Former MP Charges Dr. David Kelly Was Murdered
APRIL 22, (EIRNS)--Norman Baker, a former British Liberal Democratic Party front-bencher, has charged, in a recent series of public events and interviews, that top British weapons scientist Dr. David Kelly was murdered, and did not die as the result of a suicide. Baker resigned from his parliamentary seat in Feb. 2006 to devote himself full-time to investigating the circumstances surrounding the death of Dr. Kelly in the summer of 2003. Kelly had revealed to BBC that the Blair government had "sexed up" the dossier on Iraqi weapons of mass destruction to get both the United States and Britain into a preemptive war against Iraq to overthrow the Saddam Hussein regime. When his name came out in public as the BBC source, and he was hauled before the House of Commons and grilled by pro-war MPs, he ostensibly took his own life.
However Baker, among others, seriously questioned to basis for the suicide verdict, and sharply criticized the Hutton Commission, an official government inquest into Dr. Kelly's death, that whitewashed the Blair government, and provoked a major shakeup at BBC. The death of Dr. Kelly formed an important part of the chronology of events around the Jeremiah Duggan case and the launching of a massive media slander campaign from London against Lyndon LaRouche, carried out by the British Fabian friends of Tony Blair and U.S. Vice President Dick Cheney.

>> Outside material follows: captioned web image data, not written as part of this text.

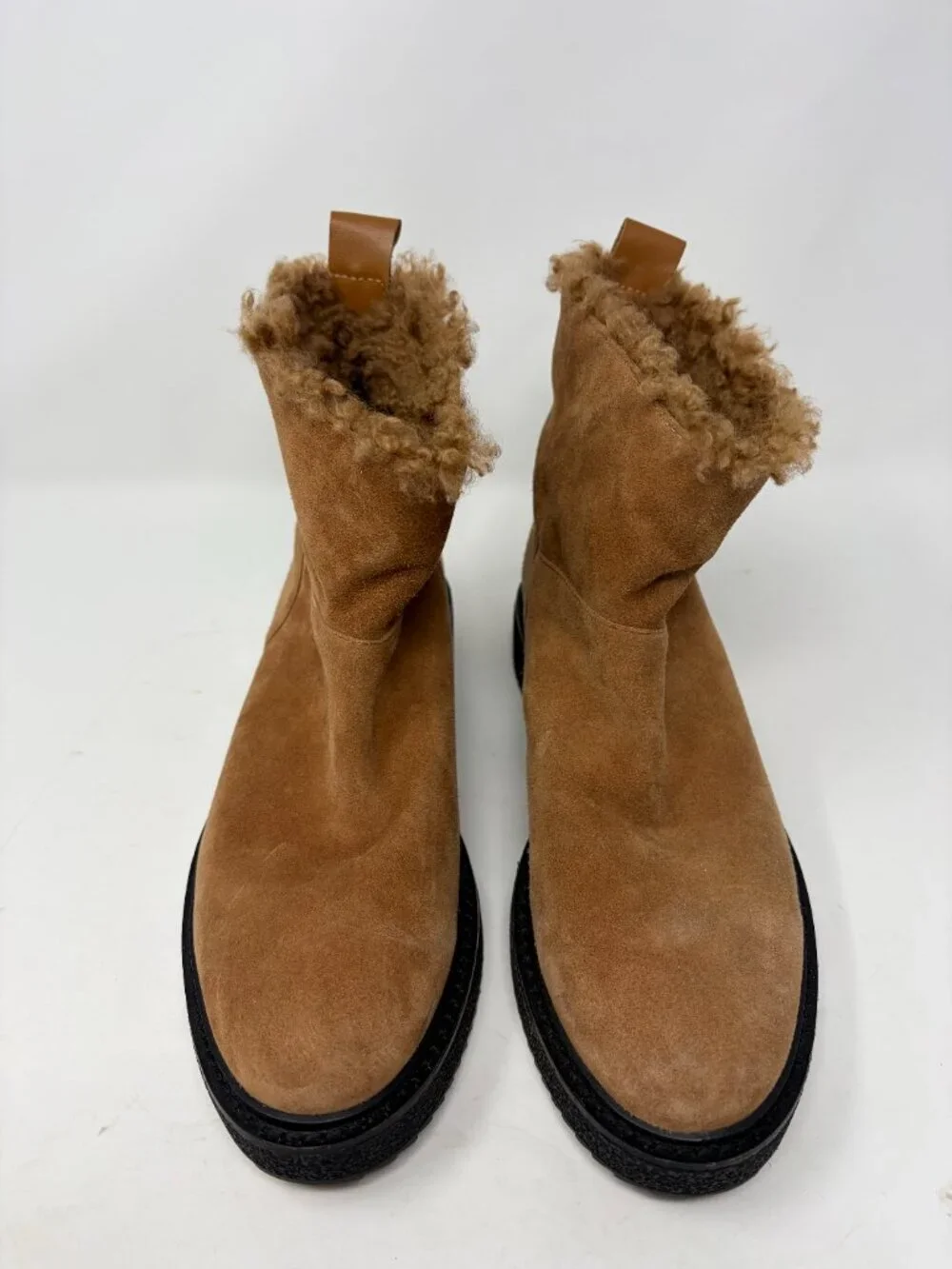 NWOT HOOR women's winter boots 37 tan suede leather shearling Italy luxury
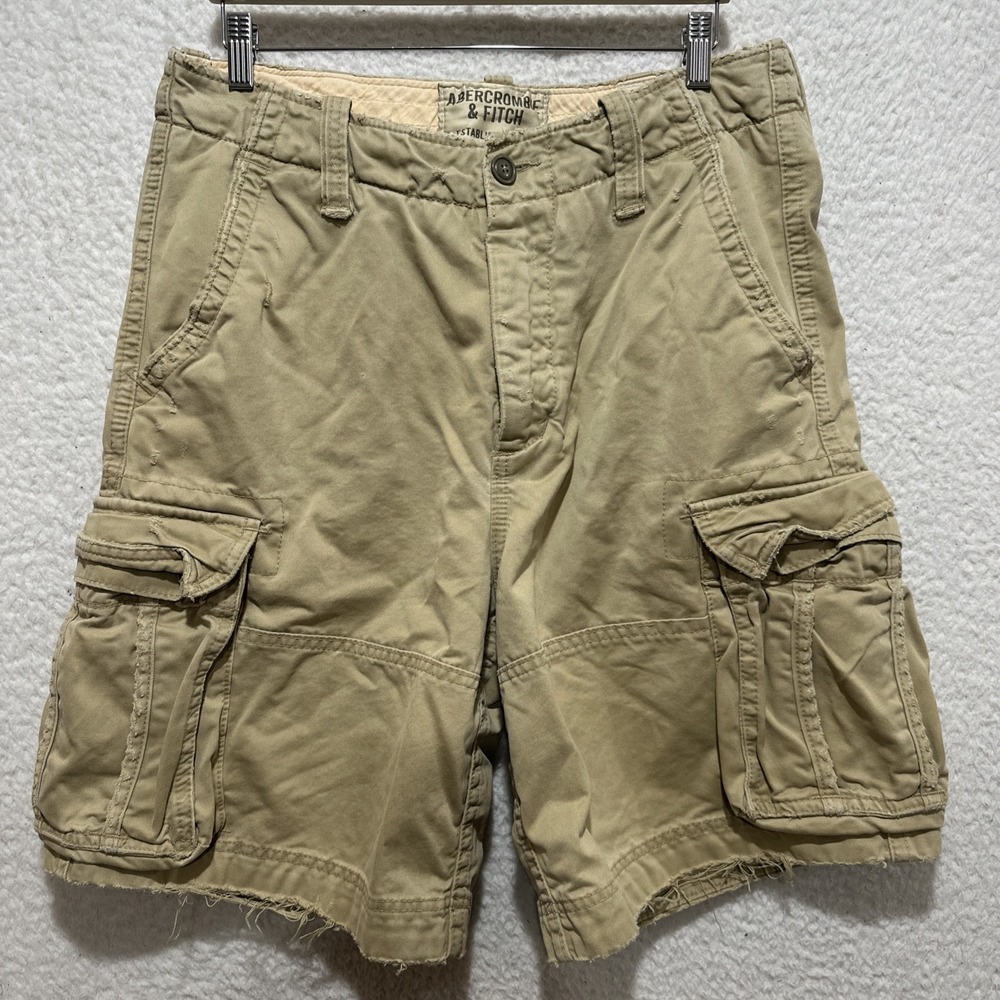 Abercrombie & Fitch Cargo Shorts‎ Sz 34 Khaki/Beige Heavy Adirondacks Frayed Hem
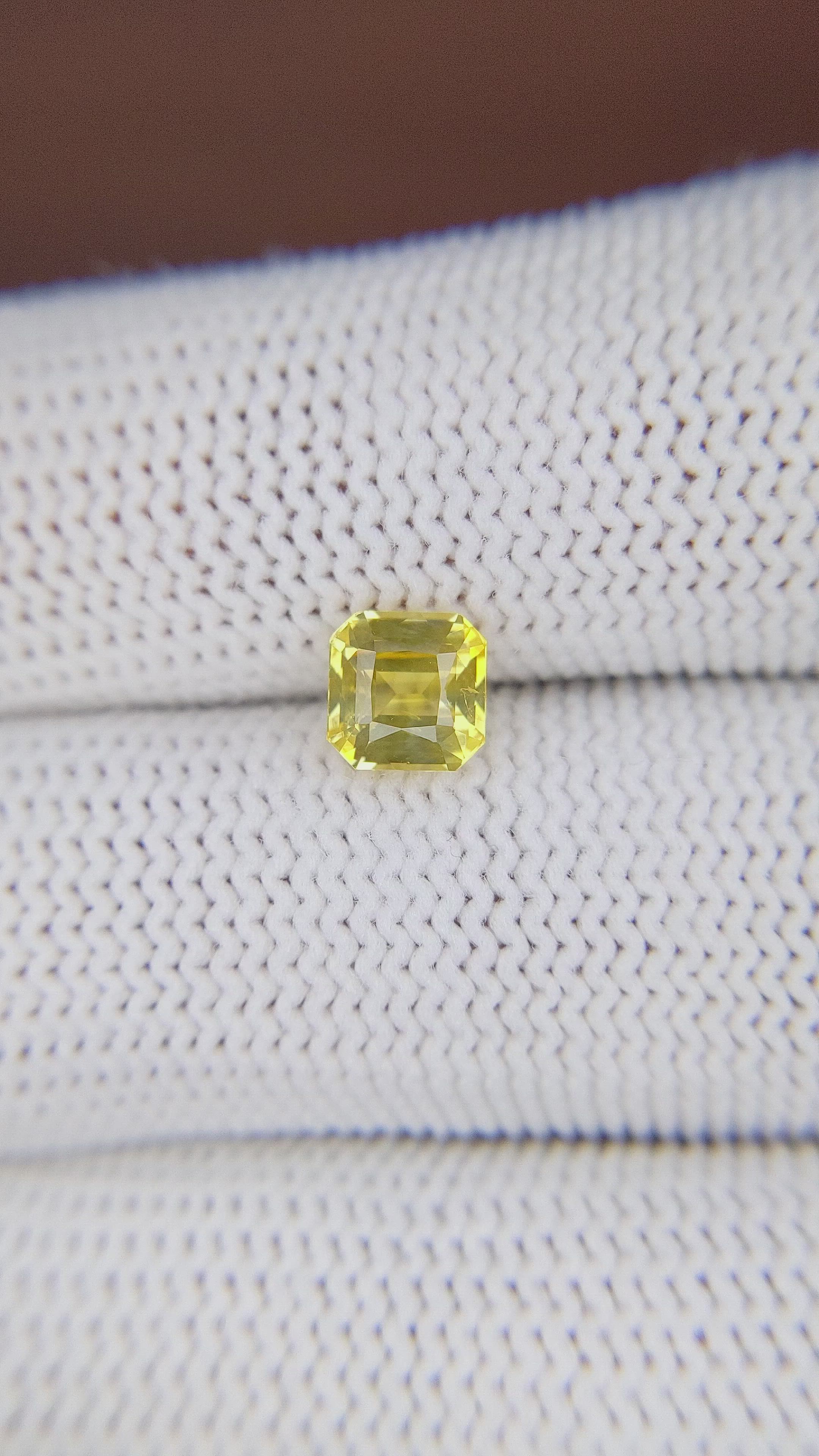 1.26 Ct. Yellow Sapphire from Ceylon (Sri Lanka) Size Video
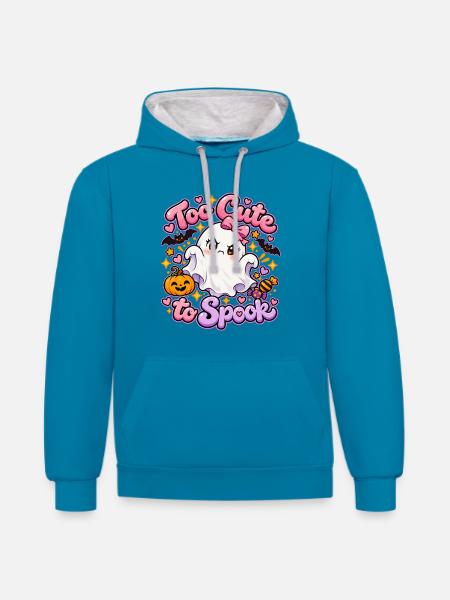 Too Cute to Spook Geist - Kontrast-Hoodie - Pfauenblau/Grau meliert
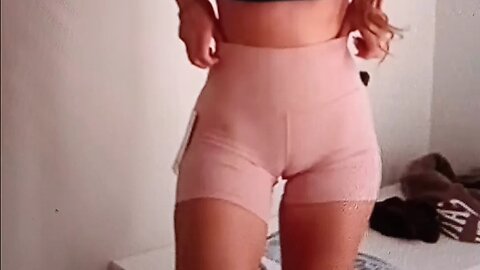 Gym shorts try on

After one year of investigation into the circumstances surrounding the death of Dr. David Kelly, former MP Baker appeared on Feb. 25, 2007 on the BBC-Two show, The Conspiracy Files , and spelled out his case disproving the death was by suicide.

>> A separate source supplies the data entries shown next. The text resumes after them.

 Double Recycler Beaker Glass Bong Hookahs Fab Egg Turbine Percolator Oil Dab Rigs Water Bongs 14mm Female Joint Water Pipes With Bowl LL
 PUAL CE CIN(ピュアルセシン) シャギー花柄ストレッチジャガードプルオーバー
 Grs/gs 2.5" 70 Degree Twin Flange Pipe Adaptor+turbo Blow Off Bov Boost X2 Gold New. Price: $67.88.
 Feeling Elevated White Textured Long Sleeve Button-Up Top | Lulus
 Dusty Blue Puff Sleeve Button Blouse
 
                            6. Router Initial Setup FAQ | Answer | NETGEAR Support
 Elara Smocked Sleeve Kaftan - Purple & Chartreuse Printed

On April 11, 2007, Baker held a public forum in his former parliamentary district, in Lewes on the southeast English coast, and further elaborated on the reasons that the suicide findings were false.

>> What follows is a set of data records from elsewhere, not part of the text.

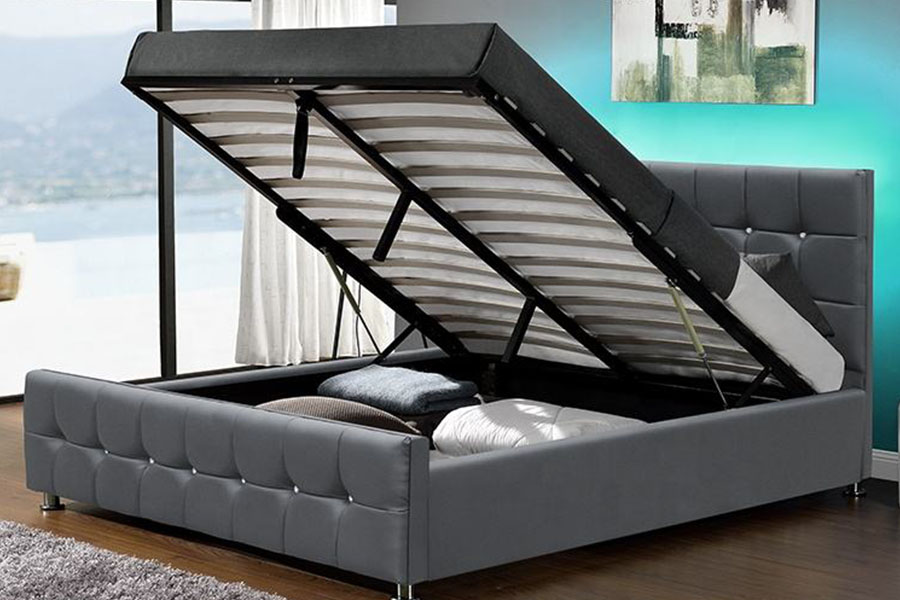 1149-1G Modernes Bett aus Chenille-Samt mit LED-Gaslift und Stauraum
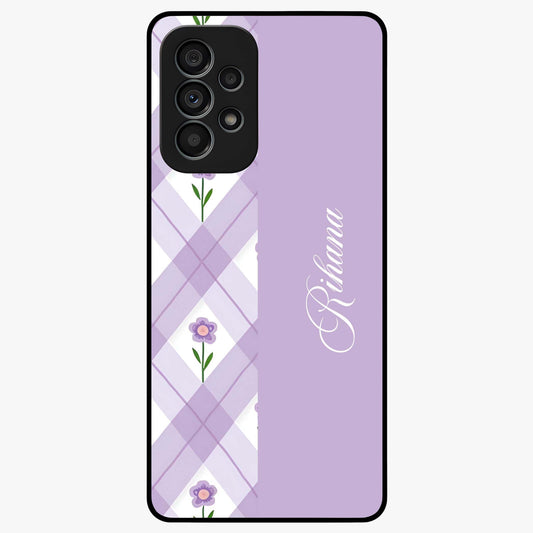 Purple Diamond Floral Glass Case showing flat back view with diamond shaped floral artwork and glossy glass finish.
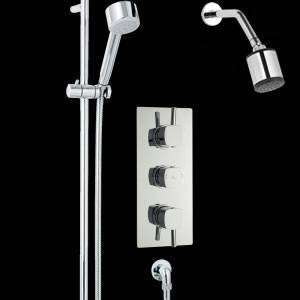   thermostatic shower valve with Kew slider rail kit and Kew fixed head
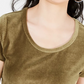 Blusa de veludo cotelê Crave Fame Juniors, verde, tamanho pequeno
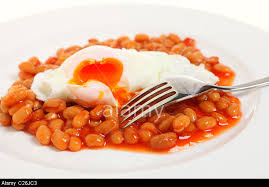 Image result for a plate with baked beans and eggs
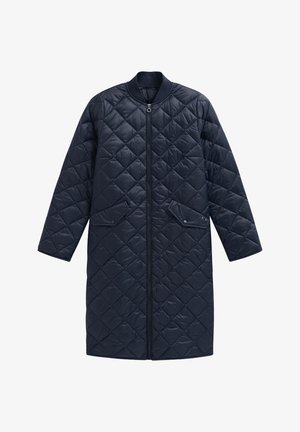 Gestepptem marineblauer Langmantel mit Reißverschluss, geribbtem Kragen und zwei Fronttaschen. Mit Rautenmuster und glatter, glänzender Gewebeoberfläche.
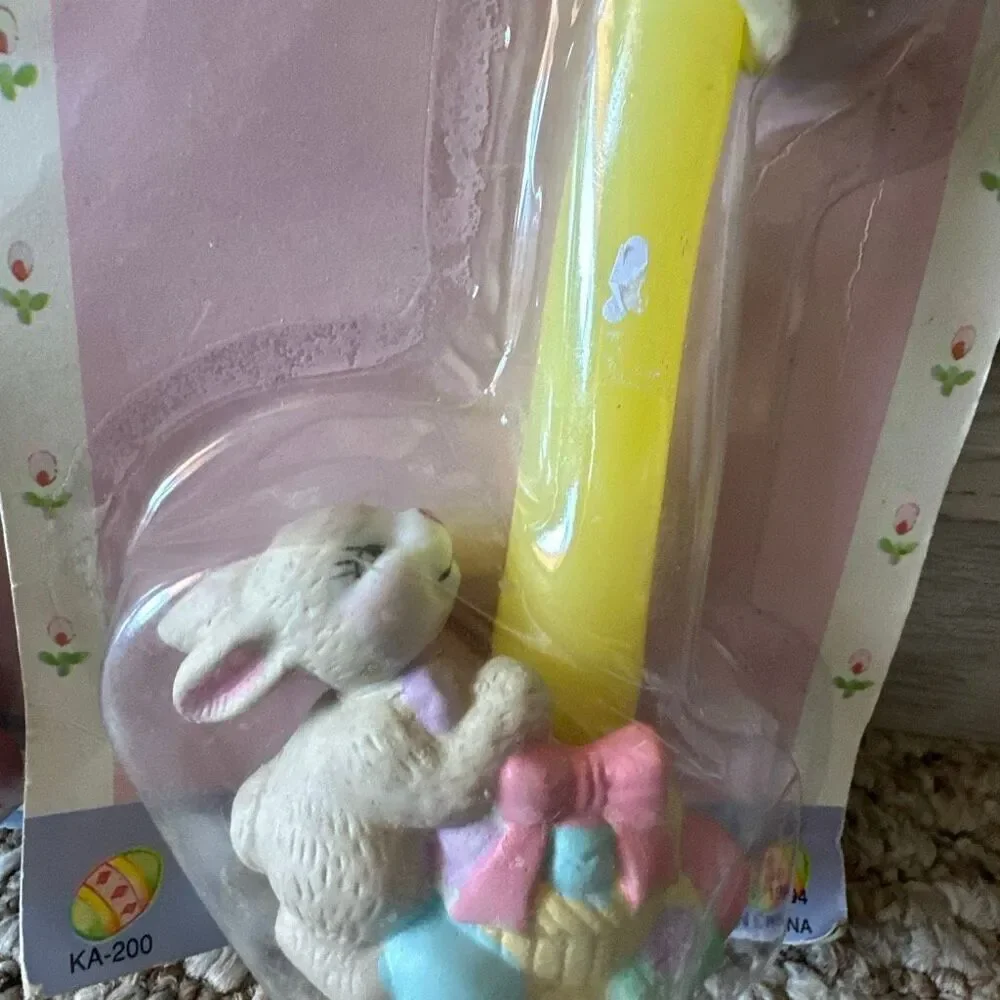Hermitage pottery Hand painted ceramic Easter candle set 1994 set of 2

Among Baker's criticisms is the fact that Lord Chancellor, Lord Falconer, ordered Coroner Nicholas Gardiner to halt his forensic investigation, and turn over the further probe to the Hutton Commission. At the time of the decision by Lord Falconer, his top political adviser was none other than Phil Bassett, the onetime Blair aide and central player in the "sexed up dossier" affair, who also happens to be the husband of Baroness Liz Symons, an early pivotal player in the Duggan slander scheme targeting LaRouche.
This a news breaking story, and will be updated regularly, as further details emerge.